A little silence, and then he began to speak, and a shiver went down Rhiow from nose to tail: for the voice was his, but the tone, the meaning and knowledge held in it, was another's. "In Life's name, and for Life's sake, I assert that I will employ the Art that is Its gift in Life's service alone. I will guard growth and ease pain. I will fight to preserve what grows and lives well in its own way: nor will I change any creature unless its growth and life, or that of the system of which it is part, are threatened. To these ends, in the practice of my Art, I will ever put aside fear for courage, and death for life, when it is fit to do so— looking always toward the Heart of Time, where all our sundered times are one, and all our myriad worlds lie whole, in That from Which they proceeded…."
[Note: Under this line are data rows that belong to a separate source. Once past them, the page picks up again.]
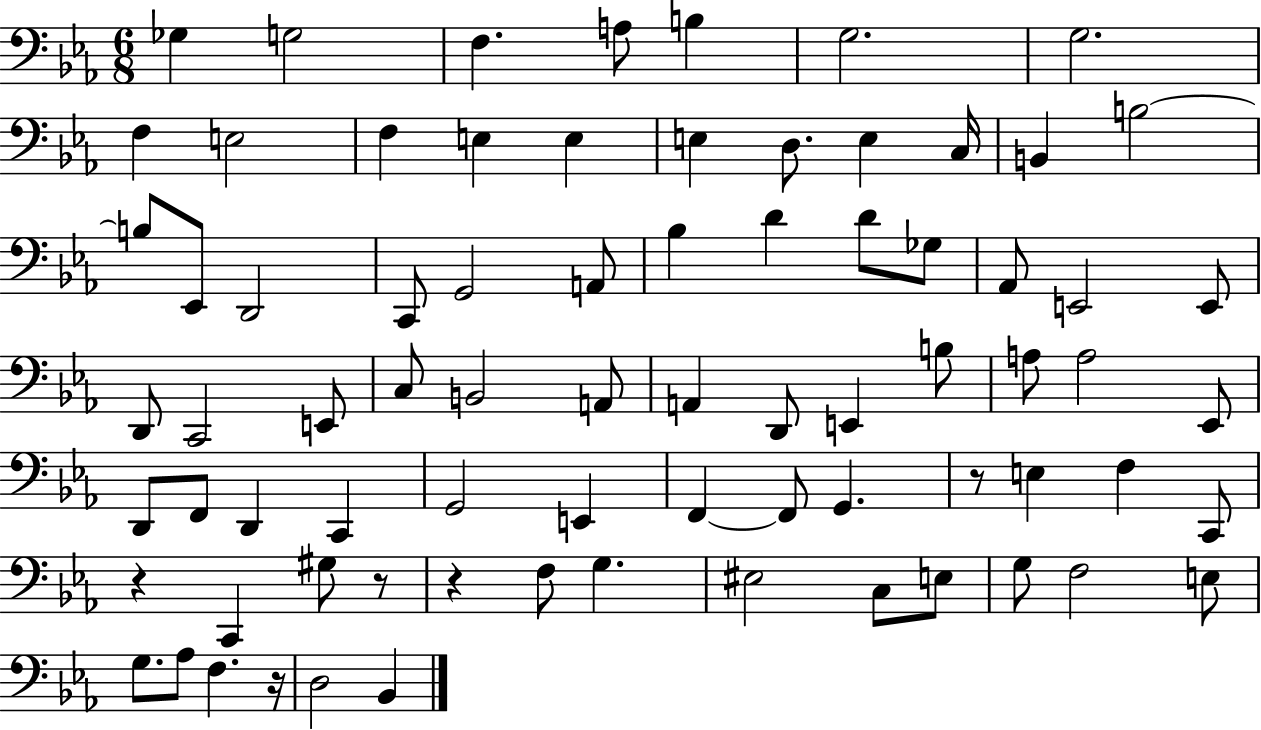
{
  \clef bass
  \numericTimeSignature
  \time 6/8
  \key ees \major
  ges4 g2 | f4. a8 b4 | g2. | g2. | \break f4 e2 | f4 e4 e4 | e4 d8. e4 c16 | b,4 b2~~ | \break b8 ees,8 d,2 | c,8 g,2 a,8 | bes4 d'4 d'8 ges8 | aes,8 e,2 e,8 | \break d,8 c,2 e,8 | c8 b,2 a,8 | a,4 d,8 e,4 b8 | a8 a2 ees,8 | \break d,8 f,8 d,4 c,4 | g,2 e,4 | f,4~~ f,8 g,4. | r8 e4 f4 c,8 | \break r4 c,4 gis8 r8 | r4 f8 g4. | eis2 c8 e8 | g8 f2 e8 | \break g8. aes8 f4. r16 | d2 bes,4 | \bar "|."
}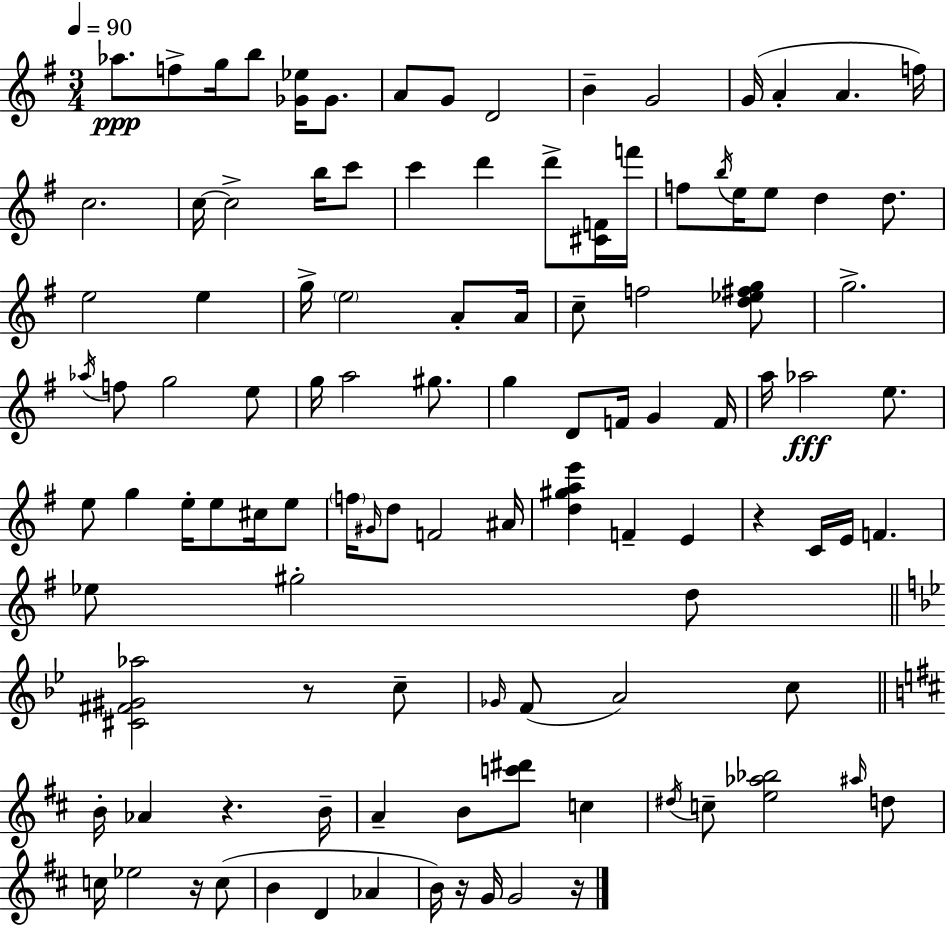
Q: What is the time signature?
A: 3/4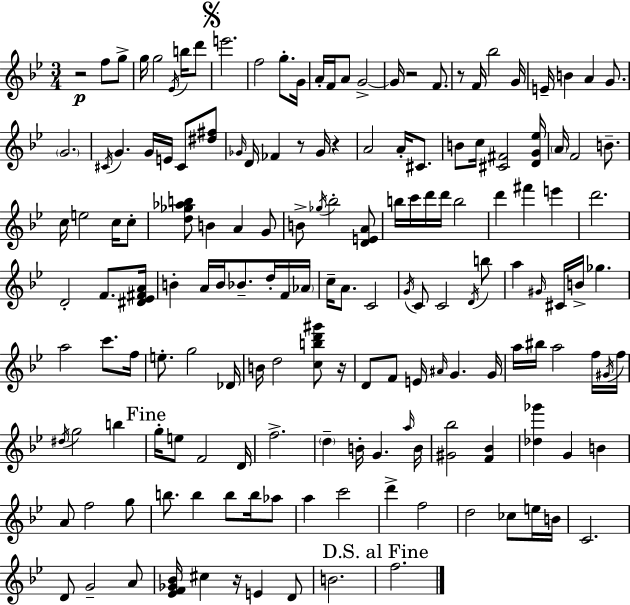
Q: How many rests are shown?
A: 7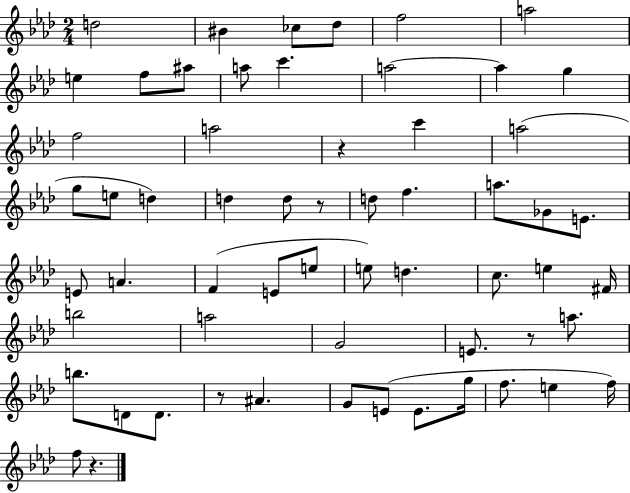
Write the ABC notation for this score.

X:1
T:Untitled
M:2/4
L:1/4
K:Ab
d2 ^B _c/2 _d/2 f2 a2 e f/2 ^a/2 a/2 c' a2 a g f2 a2 z c' a2 g/2 e/2 d d d/2 z/2 d/2 f a/2 _G/2 E/2 E/2 A F E/2 e/2 e/2 d c/2 e ^F/4 b2 a2 G2 E/2 z/2 a/2 b/2 D/2 D/2 z/2 ^A G/2 E/2 E/2 g/4 f/2 e f/4 f/2 z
No hesitation, no uncertainty; as if it had been burned into his bones. Rhiow and Urruah and Saash all looked at one another.
"Then what happened?"
He stirred. "After a while, I felt better, and I saw I could get away— none of
them
were there. I walked out into the street. It was quiet. It was late, just the steam coming up out of the street, you know how it does. I walked a long time until I saw inside there, inside those doors. It was all bright and warm, but the doors were shut. I thought,
It's no use, there's no way to get in.
But then—" Now he sounded dreamily mystified, though at a remove. "Then someone— then I heard
how
to get in, if I wanted to. I knew more than I knew a minute before: a way to move, and words to say. And she said,
Do that, and then go in and see what happens. I dare you.
So I did. I said the words, and I walked in through the doors…
through
them!… and then on under the sky-roof, and on down through those littler doors, down into the dark…"
Arhu trailed off, and shivered. "I'm tired," he said, and closed his eyes.